Certains points combattus par ces partis se décident au niveau national – comme le changement de genre auprès de l’état civil, par exemple. Mais d’autres peuvent être abordés au Parlement européen, comme la reconnaissance des droits de filiation, cruciale pour les familles homoparentales, dont les droits ne sont pas identiques d’un pays membre à l’autre, et qui est refusée par les eurodéputés d’extrême droite.

« Détricoter » le pacte vert

Les crises économique et énergétique occupent une place centrale dans les prises de parole des dirigeants d’extrême droite, qui pointent du doigt les coûts financiers et les contraintes excessives liées à la transition écologique.

Au niveau européen, la cible de leurs critiques est le pacte vert européen, feuille de route visant à atteindre la neutralité carbone en 2050. « Tout va être détricoté », à l’issue des élections de juin, assure un conseiller du Rassemblement national à Politico, comme le promettent aussi de nombreux candidats d’extrême droite. Le Vlaams Belang belge a ainsi soumis en février une résolution au Parlement européen pour « abolir le pacte vert », dénonçant un « fanatisme climatique ».

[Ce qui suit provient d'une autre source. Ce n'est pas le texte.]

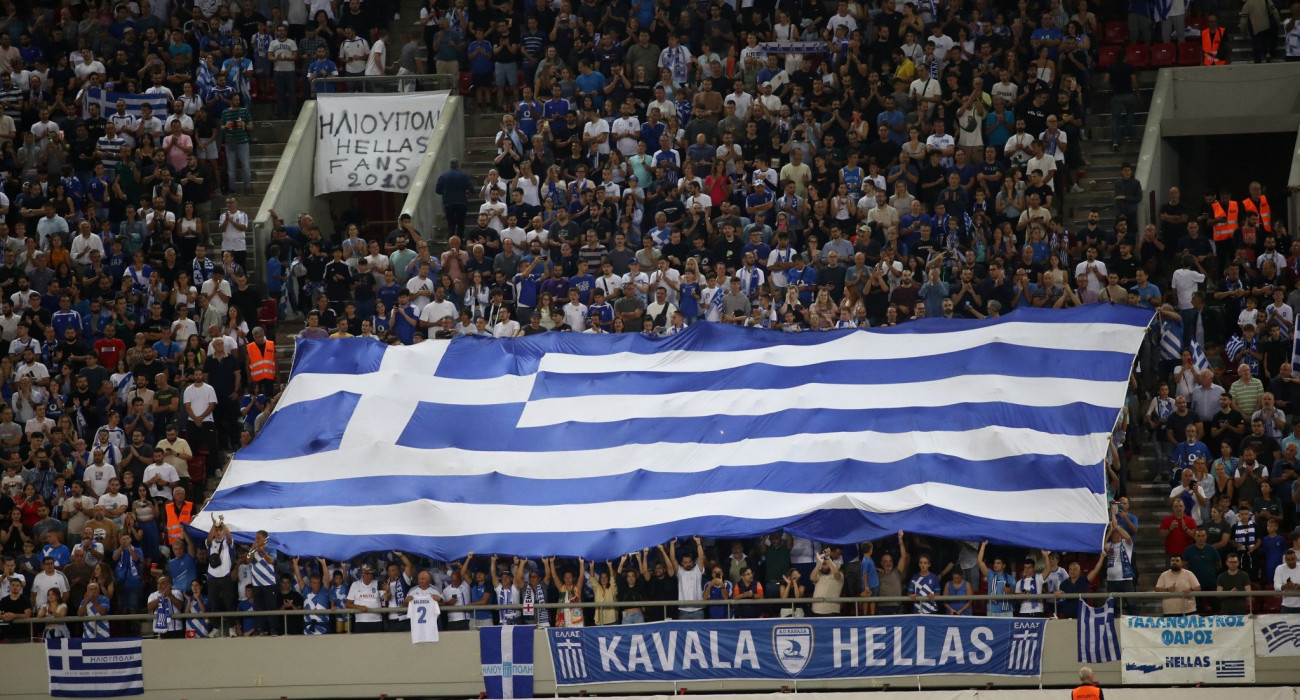 Το «Γ. Καραϊσκάκης» με τα «χρώματα» της Ελλάδας / Πηγή: In Time Το «Γ. Καραϊσκάκης» με τα «χρώματα» της Ελλάδας / Πηγή: In Time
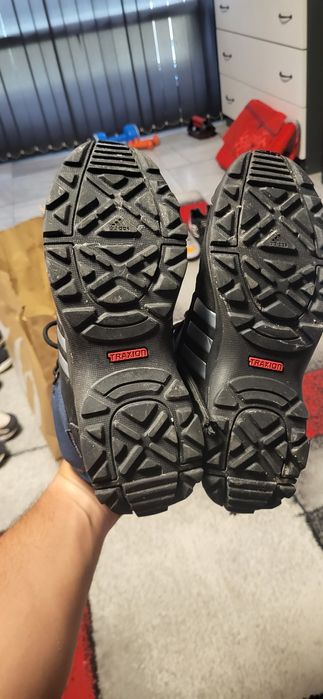 Adidas traxion 36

La colère des agriculteurs au début de l’année a également été instrumentalisée par les formations d’extrême droite, qui prônent la dérégulation. « Vive les agriculteurs, dont les tracteurs forcent l’Europe à revenir sur les folies imposées par les multinationales et la gauche », a salué Matteo Salvini, le chef de la Ligue et vice-président du conseil des ministres italien, après le recul de la Commission sur les régulations des pesticides.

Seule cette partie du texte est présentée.